Sounds like a grading nightmare.
I want to be a first in line for that job.


----------



## SPEARCHUCKER (Mar 24, 2009)

Doesnt seem that bad to me LowR. A victory is a victory.

I hope it generates tons of money for the state. Seeing those $$$$$ signs is the only thing that would help change things in the south. Especially with our superior weather and soil.


----------



## slowmo77 (Mar 24, 2009)

i agree, when they start seeing dollars roll in to other states more will jump on. instead of wasting money they could be makin money. what branch of government doesn't like money? none


----------



## LowRider (Mar 24, 2009)

SPEARCHUCKER said:
			
		

> Doesnt seem that bad to me LowR. A victory is a victory.
> 
> I hope it generates tons of money for the state. Seeing those $$$$$ signs is the only thing that would help change things in the south. Especially with our superior weather and soil.


 
its not that its bad to me, but these places have to make money which means the prices will be near black market prices.


----------



## kubefuism (Mar 24, 2009)

As long as the state is not in control of production I'm so there and jumping up and down till I puke.  Pa is finaly looking at MMJ, thank God for small miricles.


----------



## SIR CHINK (Mar 26, 2009)

Oh snizz ;] hope this passes! I'ma def write to em!


----------



## Dr. GreenBrain (Mar 26, 2009)

LowRider said:
			
		

> I just read the bill looks like a very high tax is right.

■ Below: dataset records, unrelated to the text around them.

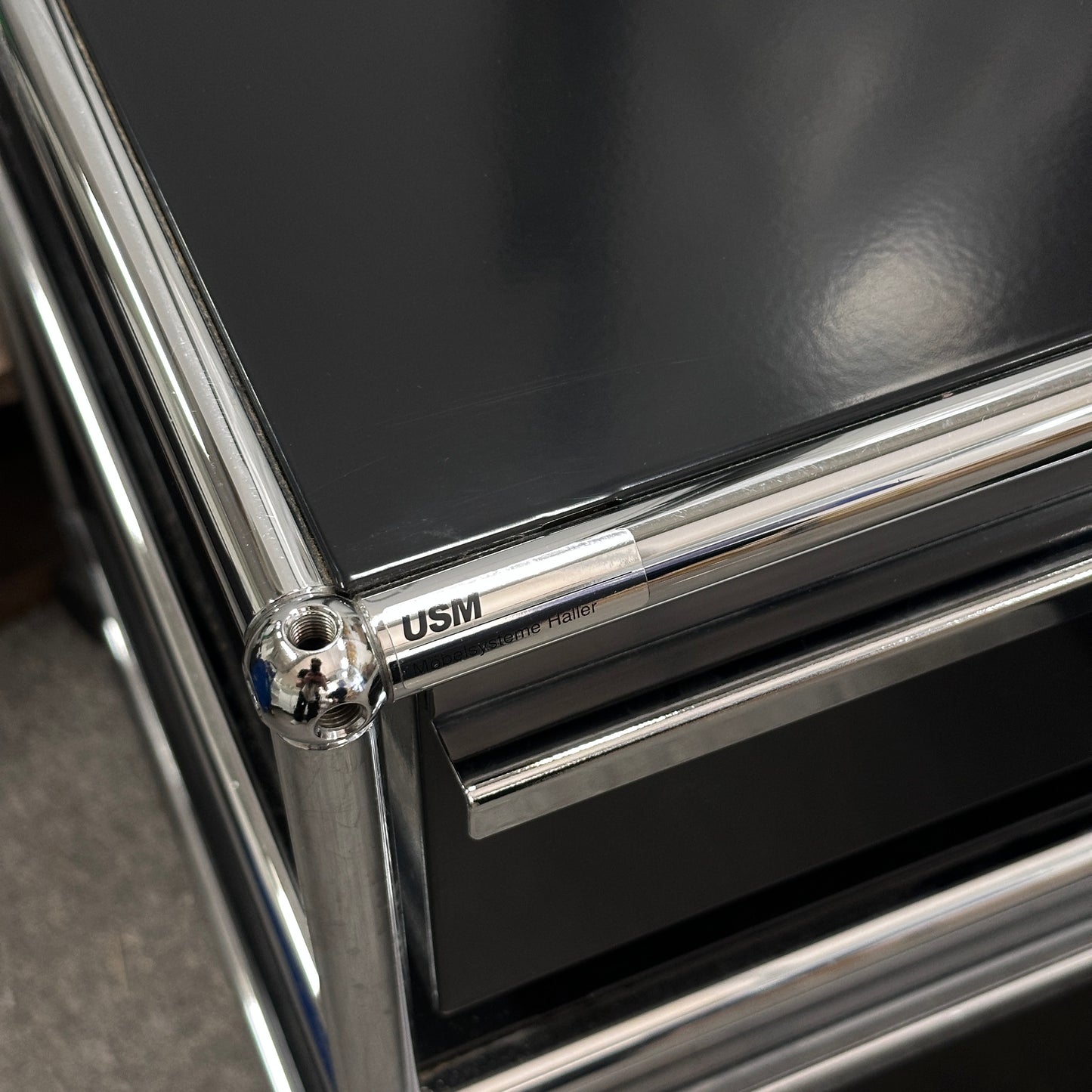 USM Haller Sideboard / Standcontainer schwarz 4 Schubladen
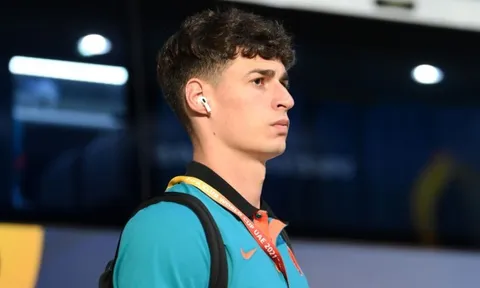Chỉ 1 câu, Petr Cech chốt luôn số phận của Kepa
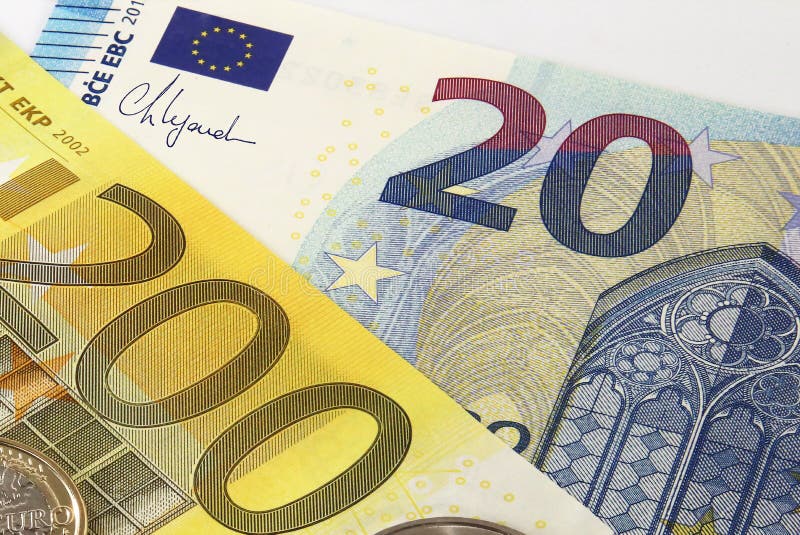 Christine Lagarde signature on the euro banknotes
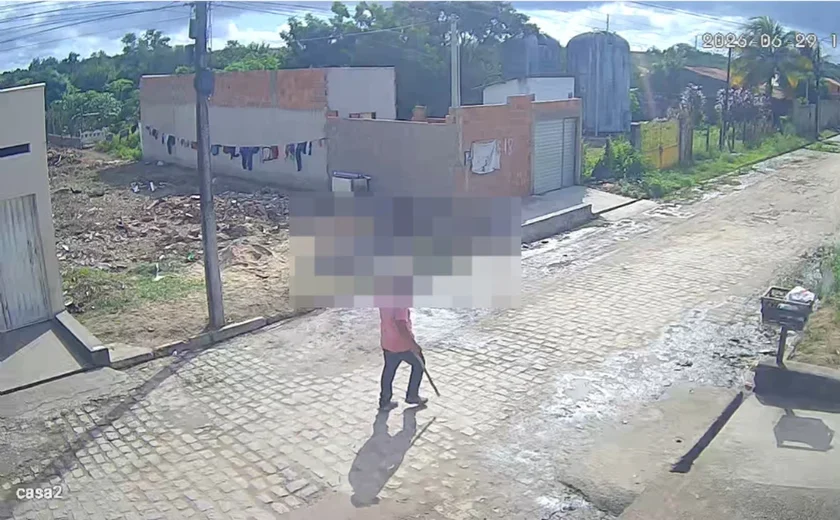 Homem suspeito de agredir cachorro com pedaço de madeira é identificado em Arapiraca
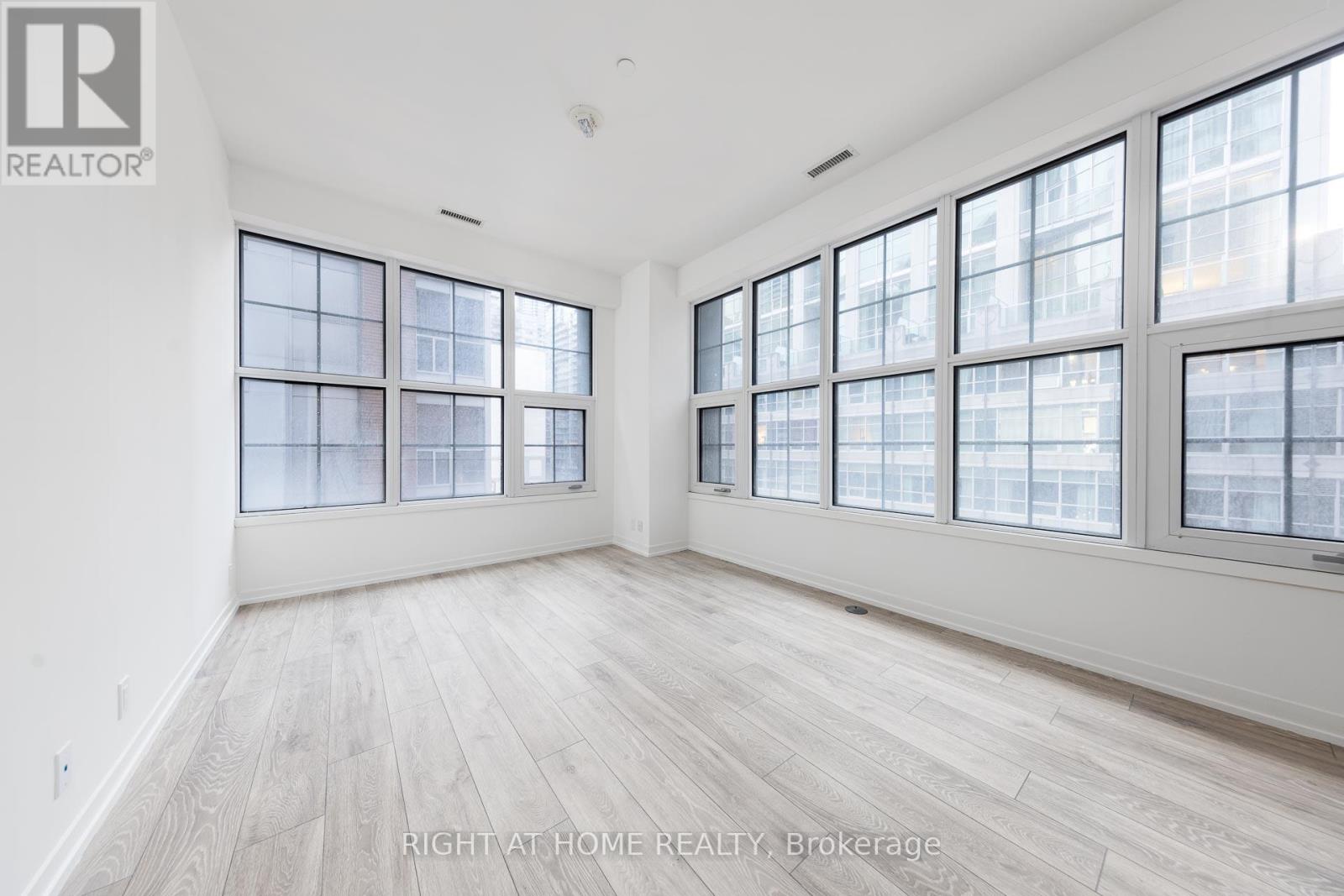 55 Mercer Street, Toronto (Waterfront Communities), Ontario  M5V 0W4 - Photo 3 - C12769514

In CA the taxes will be high if they pass the bill too, but they expect that, with all the pot being dumped onto the market, the price of weed will fall dramatically. In this article, they estimate that a joint will cost someone $1 including taxes.

This article is where I got the quote in my signature by Judge James P. Gray

CONGRATS MASS! Even if it doesn't pass this time around, introducing a bill is still a small vicotry.


----------



## cubby (Mar 26, 2009)

If this passes the south would have no choise but to ennact legalization. When the state legislators relize that they are paying for increased incarcerarion rates due to illegally imported weed from other states it will become abundantly clear that the neo-moralist view of prohibitive enforcement makes no sence.
You can be sure people will be buying legal weed to ship south, just like people in the north go down south to buy handguns without any quesstions, restrictions, or requirements.
I immagine that the constitution requirement that states must repect legal standing in other states will end up being the last gasp of prohibition.:hubba:


----------



## Dr. GreenBrain (Mar 26, 2009)

cubby said:
			
		

> If this passes the south would have no choise but to ennact legalization. When the state legislators relize that they are paying for increased incarcerarion rates due to illegally imported weed from other states it will become abundantly clear that the neo-moralist view of prohibitive enforcement makes no sence.
> You can be sure people will be buying legal weed to ship south, just like people in the north go down south to buy handguns without any quesstions, restrictions, or requirements.
> I immagine that the constitution requirement that states must repect legal standing in other states will end up being the last gasp of prohibition.:hubba:



Holly crap, I never thought of that! You are totally right, it will be like dominoes. We may be on the cusp of a major revolution in this country, though I suspect this isn't the first time.


----------



## smokeytimes (Mar 26, 2009)

The way I see it yes there is a huge movement to at the least get more states to approve MMJ.  But I think as the states that legalize MJ the rest of the states will start to see how much money they can bring in, in the form of taxes they too will start to loose the neo-moralist view they now have.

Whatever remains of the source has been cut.